(Web page caption snippets)
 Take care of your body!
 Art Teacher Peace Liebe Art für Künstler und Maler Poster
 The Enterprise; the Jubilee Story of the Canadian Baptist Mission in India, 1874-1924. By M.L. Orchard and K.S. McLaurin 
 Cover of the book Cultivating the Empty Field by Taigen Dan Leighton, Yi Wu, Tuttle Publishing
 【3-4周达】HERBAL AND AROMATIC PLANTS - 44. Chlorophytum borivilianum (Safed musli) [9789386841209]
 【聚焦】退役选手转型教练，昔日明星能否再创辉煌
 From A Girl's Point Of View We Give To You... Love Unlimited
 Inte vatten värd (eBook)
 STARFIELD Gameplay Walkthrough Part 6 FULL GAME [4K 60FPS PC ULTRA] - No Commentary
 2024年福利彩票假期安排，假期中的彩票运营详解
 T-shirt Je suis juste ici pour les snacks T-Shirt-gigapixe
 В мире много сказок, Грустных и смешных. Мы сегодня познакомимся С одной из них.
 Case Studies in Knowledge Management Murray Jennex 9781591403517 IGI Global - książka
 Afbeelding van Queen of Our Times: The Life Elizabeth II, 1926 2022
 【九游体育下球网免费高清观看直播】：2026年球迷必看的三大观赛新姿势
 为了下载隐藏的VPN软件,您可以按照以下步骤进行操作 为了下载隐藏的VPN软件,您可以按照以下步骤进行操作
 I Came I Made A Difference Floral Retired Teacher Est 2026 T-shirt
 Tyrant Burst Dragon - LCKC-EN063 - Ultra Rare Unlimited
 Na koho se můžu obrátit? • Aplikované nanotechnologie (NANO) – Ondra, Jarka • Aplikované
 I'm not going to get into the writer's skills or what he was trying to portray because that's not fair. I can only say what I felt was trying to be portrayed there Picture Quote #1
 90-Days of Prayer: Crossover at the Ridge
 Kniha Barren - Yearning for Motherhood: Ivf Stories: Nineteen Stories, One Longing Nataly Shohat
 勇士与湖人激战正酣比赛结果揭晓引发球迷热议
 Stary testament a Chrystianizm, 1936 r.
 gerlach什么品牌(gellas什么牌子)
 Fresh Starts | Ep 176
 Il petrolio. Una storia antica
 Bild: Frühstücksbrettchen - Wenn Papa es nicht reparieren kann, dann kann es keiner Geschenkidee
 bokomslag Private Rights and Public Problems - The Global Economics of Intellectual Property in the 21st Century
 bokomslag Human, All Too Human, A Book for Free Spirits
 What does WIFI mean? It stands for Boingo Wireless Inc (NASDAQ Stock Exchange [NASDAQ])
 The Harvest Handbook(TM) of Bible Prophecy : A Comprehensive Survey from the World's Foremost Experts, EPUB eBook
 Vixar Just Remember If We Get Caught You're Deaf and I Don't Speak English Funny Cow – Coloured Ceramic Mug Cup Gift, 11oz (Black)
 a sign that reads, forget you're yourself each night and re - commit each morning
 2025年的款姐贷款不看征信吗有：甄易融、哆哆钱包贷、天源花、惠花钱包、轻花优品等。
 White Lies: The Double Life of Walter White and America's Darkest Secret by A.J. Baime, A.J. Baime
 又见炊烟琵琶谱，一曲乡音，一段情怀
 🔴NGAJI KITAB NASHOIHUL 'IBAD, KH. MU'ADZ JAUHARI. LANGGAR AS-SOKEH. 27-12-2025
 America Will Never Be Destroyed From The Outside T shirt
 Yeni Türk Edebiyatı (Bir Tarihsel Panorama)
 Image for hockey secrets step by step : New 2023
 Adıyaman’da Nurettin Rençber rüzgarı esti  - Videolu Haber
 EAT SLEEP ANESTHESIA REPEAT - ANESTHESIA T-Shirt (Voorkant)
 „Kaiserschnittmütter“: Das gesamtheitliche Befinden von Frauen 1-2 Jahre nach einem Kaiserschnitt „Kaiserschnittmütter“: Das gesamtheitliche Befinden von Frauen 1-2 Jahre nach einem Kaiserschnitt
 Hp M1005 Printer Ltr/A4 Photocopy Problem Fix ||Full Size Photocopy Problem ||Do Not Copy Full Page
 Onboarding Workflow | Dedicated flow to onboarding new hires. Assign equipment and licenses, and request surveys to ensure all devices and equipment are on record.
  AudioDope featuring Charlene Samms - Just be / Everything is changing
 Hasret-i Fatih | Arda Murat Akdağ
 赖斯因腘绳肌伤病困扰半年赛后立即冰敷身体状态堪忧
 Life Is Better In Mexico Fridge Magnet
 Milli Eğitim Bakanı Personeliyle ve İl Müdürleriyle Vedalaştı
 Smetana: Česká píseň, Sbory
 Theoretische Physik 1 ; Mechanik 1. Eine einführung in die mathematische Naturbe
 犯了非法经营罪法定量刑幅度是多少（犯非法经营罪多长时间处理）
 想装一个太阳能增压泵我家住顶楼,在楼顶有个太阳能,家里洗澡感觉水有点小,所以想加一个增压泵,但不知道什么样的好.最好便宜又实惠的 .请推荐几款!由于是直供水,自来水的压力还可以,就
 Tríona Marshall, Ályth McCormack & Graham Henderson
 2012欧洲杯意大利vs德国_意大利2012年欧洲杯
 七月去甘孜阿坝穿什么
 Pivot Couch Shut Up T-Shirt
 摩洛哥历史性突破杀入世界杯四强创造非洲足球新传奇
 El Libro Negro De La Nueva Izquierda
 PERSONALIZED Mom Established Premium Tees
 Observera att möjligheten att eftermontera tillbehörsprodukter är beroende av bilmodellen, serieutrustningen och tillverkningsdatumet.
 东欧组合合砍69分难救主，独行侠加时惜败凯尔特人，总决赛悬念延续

* Activity
Send back the lines of the records word for word, from the very first through the line containing "What does WIFI".

* Answer for this exercise
 Take care of your body!
 Art Teacher Peace Liebe Art für Künstler und Maler Poster
 The Enterprise; the Jubilee Story of the Canadian Baptist Mission in India, 1874-1924. By M.L. Orchard and K.S. McLaurin 
 Cover of the book Cultivating the Empty Field by Taigen Dan Leighton, Yi Wu, Tuttle Publishing
 【3-4周达】HERBAL AND AROMATIC PLANTS - 44. Chlorophytum borivilianum (Safed musli) [9789386841209]
 【聚焦】退役选手转型教练，昔日明星能否再创辉煌
 From A Girl's Point Of View We Give To You... Love Unlimited
 Inte vatten värd (eBook)
 STARFIELD Gameplay Walkthrough Part 6 FULL GAME [4K 60FPS PC ULTRA] - No Commentary
 2024年福利彩票假期安排，假期中的彩票运营详解
 T-shirt Je suis juste ici pour les snacks T-Shirt-gigapixe
 В мире много сказок, Грустных и смешных. Мы сегодня познакомимся С одной из них.
 Case Studies in Knowledge Management Murray Jennex 9781591403517 IGI Global - książka
 Afbeelding van Queen of Our Times: The Life Elizabeth II, 1926 2022
 【九游体育下球网免费高清观看直播】：2026年球迷必看的三大观赛新姿势
 为了下载隐藏的VPN软件,您可以按照以下步骤进行操作 为了下载隐藏的VPN软件,您可以按照以下步骤进行操作
 I Came I Made A Difference Floral Retired Teacher Est 2026 T-shirt
 Tyrant Burst Dragon - LCKC-EN063 - Ultra Rare Unlimited
 Na koho se můžu obrátit? • Aplikované nanotechnologie (NANO) – Ondra, Jarka • Aplikované
 I'm not going to get into the writer's skills or what he was trying to portray because that's not fair. I can only say what I felt was trying to be portrayed there Picture Quote #1
 90-Days of Prayer: Crossover at the Ridge
 Kniha Barren - Yearning for Motherhood: Ivf Stories: Nineteen Stories, One Longing Nataly Shohat
 勇士与湖人激战正酣比赛结果揭晓引发球迷热议
 Stary testament a Chrystianizm, 1936 r.
 gerlach什么品牌(gellas什么牌子)
 Fresh Starts | Ep 176
 Il petrolio. Una storia antica
 Bild: Frühstücksbrettchen - Wenn Papa es nicht reparieren kann, dann kann es keiner Geschenkidee
 bokomslag Private Rights and Public Problems - The Global Economics of Intellectual Property in the 21st Century
 bokomslag Human, All Too Human, A Book for Free Spirits
 What does WIFI mean? It stands for Boingo Wireless Inc (NASDAQ Stock Exchange [NASDAQ])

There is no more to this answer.